Thermogenese is het proces van warmteproductie. Dit proces speelt een sleutelrol bij het reguleren van de lichaamstemperatuur. Warmte wordt geproduceerd in bruin vetweefsel. Activering van bruin vetweefsel, onder meer door lichaamsbeweging, leidt tot een verhoogd energieverbruik en ondersteunt gewichtsbeheersing. Ook hier speelt de darmmicrobiota een rol: door de darmmicroben geproduceerde KKVZ zijn in verband gebracht met een verhoogde activatie van bruin vetweefsel.
Glucose- en insulineregulatie
De hoeveelheid glucose die aanwezig is in het bloed, wordt gereguleerd door insuline.

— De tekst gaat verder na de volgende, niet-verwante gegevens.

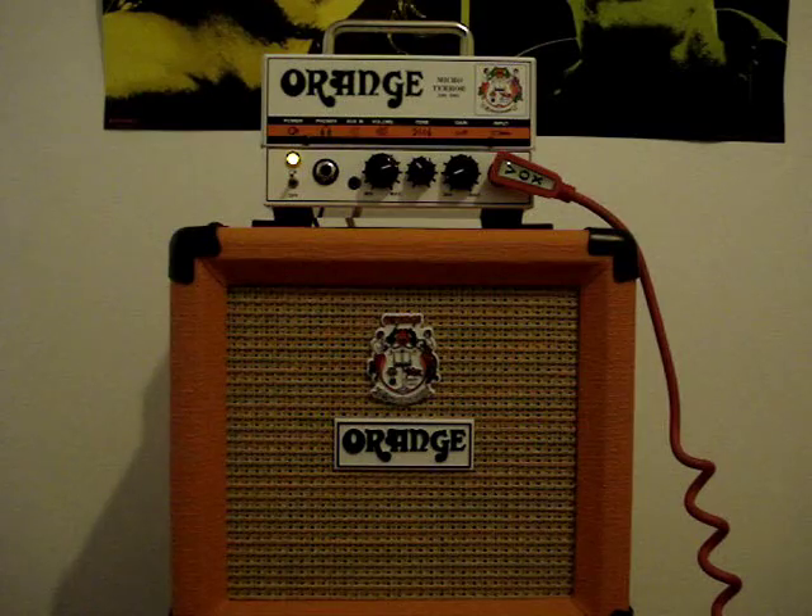Now we're going to keep it on the clean sound, but this time we're going to use a Squier Jaguar from the vintage series, the 2011.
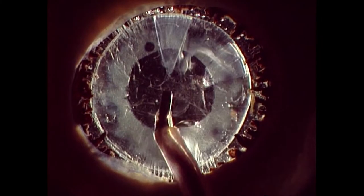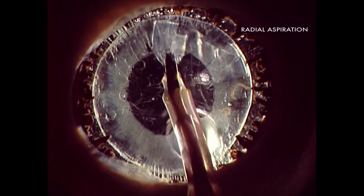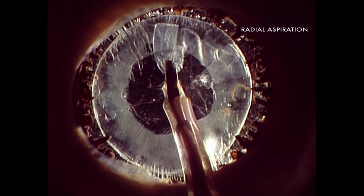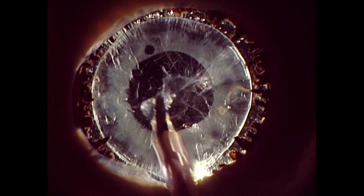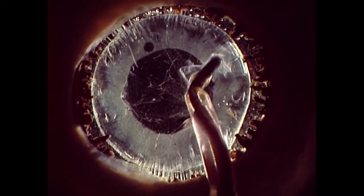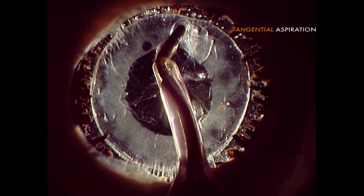This image illustrates both approaches to aspirate cortical material. Look at the zonules and the bubbles' movements. Look how gentle the releasing of the cortex is during tangential mode.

Een ontregeld bloedsuikermetabolisme werkt insulineresistentie in de hand, wat leidt tot vetophoping. In dit artikel leest u hoe dit werkt. KKVZ die worden geproduceerd door de darmmicrobiota dragen bij aan de glucosehomeostase en insulinegevoeligheid door onder meer hun gunstige invloed op de darmbarrièrefunctie en op het verminderen van ontstekingen.
Vetmetabolisme en galzuren
Een effectieve vetvertering en vetstofwisseling is afhankelijk van galzuren. Galzuren worden in de lever gesynthetiseerd uit cholesterol en uitgescheiden in de darm, waar ze voedingsvetten afbreken en gereedmaken voor de spijsvertering. De darmmicrobiota zet primaire galzuren om in secundaire galzuren. Deze secundaire galzuren activeren specifieke receptoren op cellen in het hele lichaam. Activering van deze receptoren reguleert de opslag van vetten, de insulinegevoeligheid en het energieverbruik. Hier ligt dus een belangrijke link tussen darmmicroben en een gezonde stofwisseling. Een dysbiose van de darmmicrobiota kan deze processen ontregelen en bijdragen aan een ontregeld metabolisme en gewichtstoename.

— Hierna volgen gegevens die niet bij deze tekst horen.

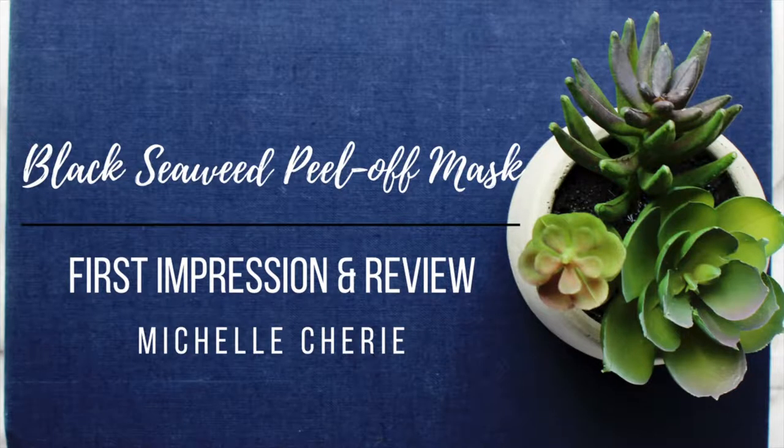Is it okay to film with a blue mouth? Hi everybody! It's Michelle here. Welcome back to my channel. Today I thought I'd do a fun video doing a review on the Black Seaweed Peel-Off Mask I talked about in my haul video, the last video I did. If you haven't seen it, I'll link it up here in one of the corners, and you can watch it.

Ontstekingen en immuunfunctie
Overgewicht en obesitas worden gekenmerkt door de aanwezigheid van chronische laaggradige ontstekingen. Deze ontstekingen ontstaan enerzijds door een verhoogde doorlaatbaarheid van de darm (lees hierover meer in dit artikel) en anderzijds doordat vetweefsel zelf ontstekingsstoffen produceert. Deze voortdurende immuunactiviteit verstoort de normale werking van hormonen die betrokken zijn bij de regulatie van eetlust en de energiebalans. Dit bevordert overeten, vermindert de zin om te bewegen en stimuleert vetophoping, wat gewichtstoename verder in de hand werkt.
Conclusie
De darmmicrobiota is via verschillende metabole processen een sleutelspeler bij gewichtsregulatie. Dit benadrukt het belang van het ondersteunen van de samenstelling van de darmmicrobiota om een gezond metabolisme te bevorderen. Leefstijlinterventies zijn onmisbaar in de strijd tegen overgewicht en obesitas en dragen bij aan een gezonder milieu in de darm. Probiotica kunnen een rol spelen bij gewichtsbeheersing en het voorkomen van metabole aandoeningen door de darmmicrobiota te beïnvloeden. In de juiste samenstelling en hoeveelheid hebben ze een positief effect op het verminderen van overgewicht en obesitas.